Unique Word Abbreviation - Practice Coding Problems

Unique Word Abbreviation - Problem

The abbreviation of a word is a concatenation of its first letter, the number of characters between the first and last letter, and its last letter. If a word has only two characters, then it is an abbreviation of itself.

For example:

dog → d1g because there is one letter between the first letter 'd' and the last letter 'g'.
internationalization → i18n because there are 18 letters between the first letter 'i' and the last letter 'n'.
it → it because any word with only two characters is an abbreviation of itself.

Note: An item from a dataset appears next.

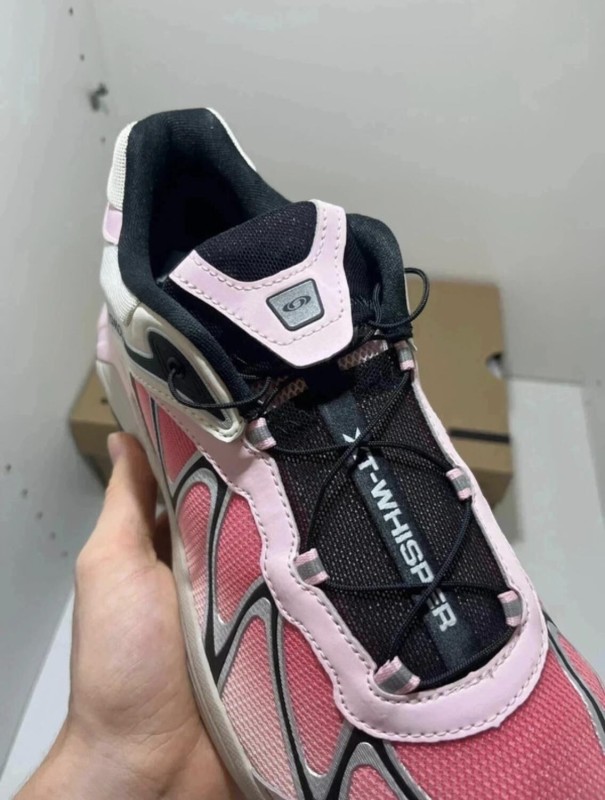 Salomon XT-Whisper Pink/White - 44 2/3 - Neuf + Boite 2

Implement the ValidWordAbbr class:

ValidWordAbbr(String[] dictionary) Initializes the object with a dictionary of words.
boolean isUnique(string word) Returns true if either of the following conditions are met (otherwise returns false):

There is no word in dictionary whose abbreviation is equal to word's abbreviation.
For any word in dictionary whose abbreviation is equal to word's abbreviation, that word and word are the same.

Input & Output

Example 1 — Basic Dictionary Operations

$ Input: dictionary = ["deer", "door", "cake", "card"], operations = ["dear", "cart", "cane", "make"]

› Output: [false, true, false, true]

💡 Note: dear→d2r conflicts with deer and door. cart→c2t is unique. cane→c2e conflicts with cake. make→m2e is unique.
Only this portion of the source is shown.